Without the images, write out the whole listing exactly.
*** Materials provided ***
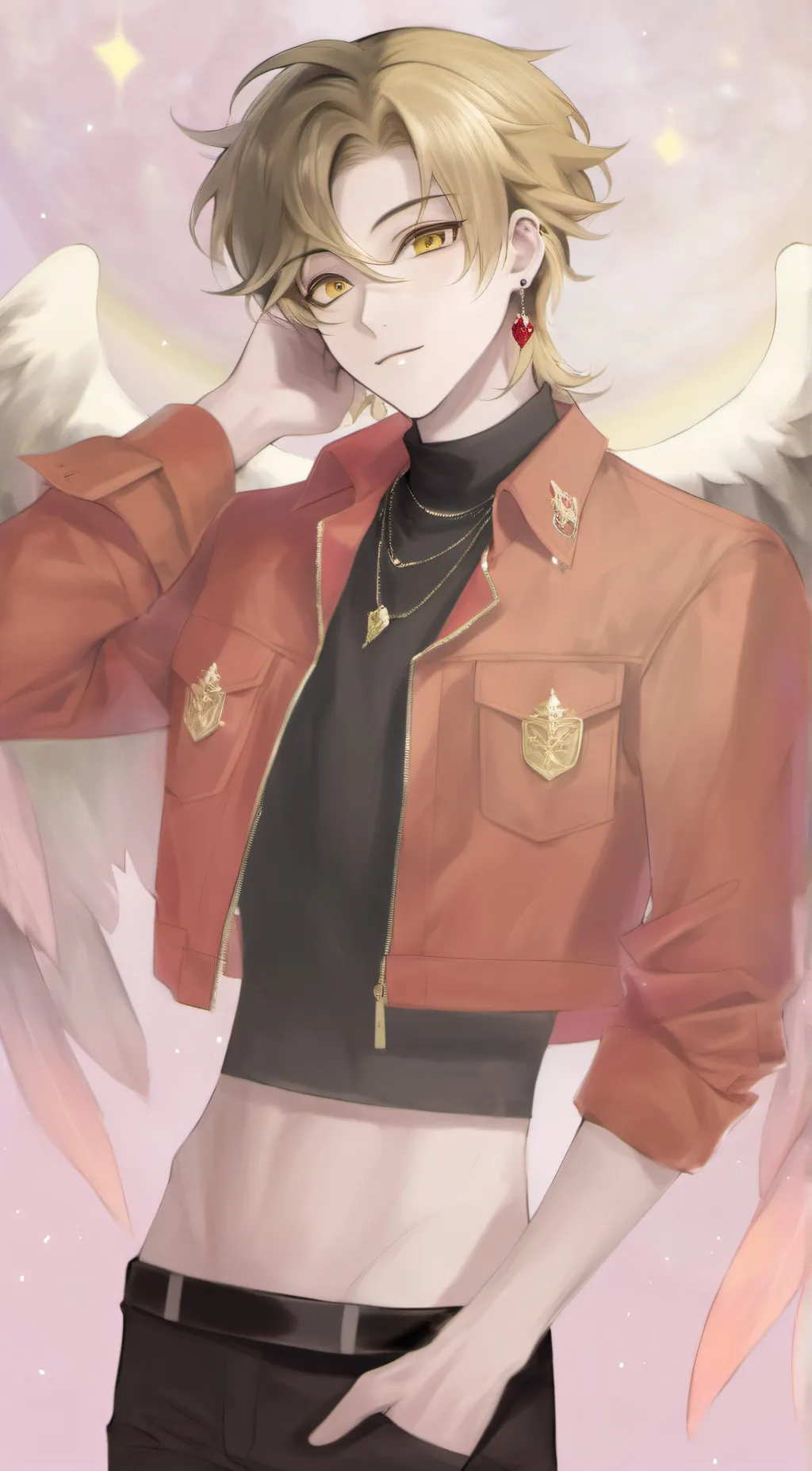 ai character: Hawks (Keigo) background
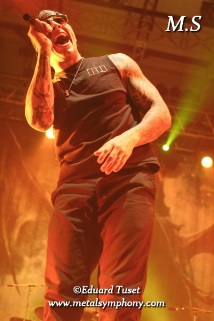 a7x01 Avenged Sevenfold + The Cannibal Queen - 20 de Octubre'10 - Sant Jordi Club ( Barcelona )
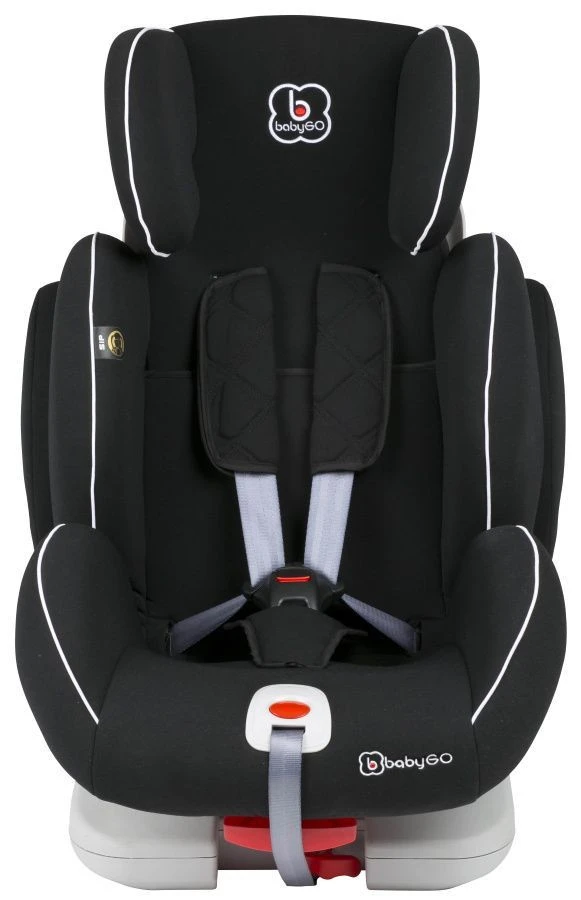 Babygo Sira Zwart Isofix Autostoel 9-36 Kg 3753 3 Babygo Sira Zwart Isofix Autostoel 9-36 Kg 3753 - Afbeelding 3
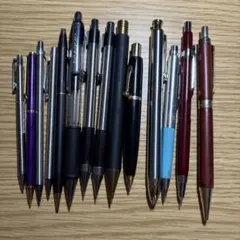 廃盤シャープペンシルパーカーオレンズネロ 12本セット まとめ売り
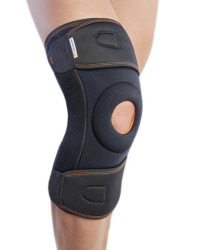 Owijana orteza kolana z regulacją kąta zgięcia i szynami bocznymi 7120 Orliman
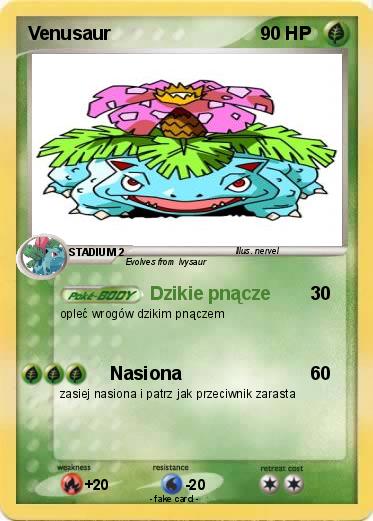 Pokemon Venusaur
*** End of Materials provided ***
Reply:
 ai character: Hawks (Keigo) background
 a7x01 Avenged Sevenfold + The Cannibal Queen - 20 de Octubre'10 - Sant Jordi Club ( Barcelona )
 Babygo Sira Zwart Isofix Autostoel 9-36 Kg 3753 3 Babygo Sira Zwart Isofix Autostoel 9-36 Kg 3753 - Afbeelding 3
 廃盤シャープペンシルパーカーオレンズネロ 12本セット まとめ売り
 Owijana orteza kolana z regulacją kąta zgięcia i szynami bocznymi 7120 Orliman
 Pokemon Venusaur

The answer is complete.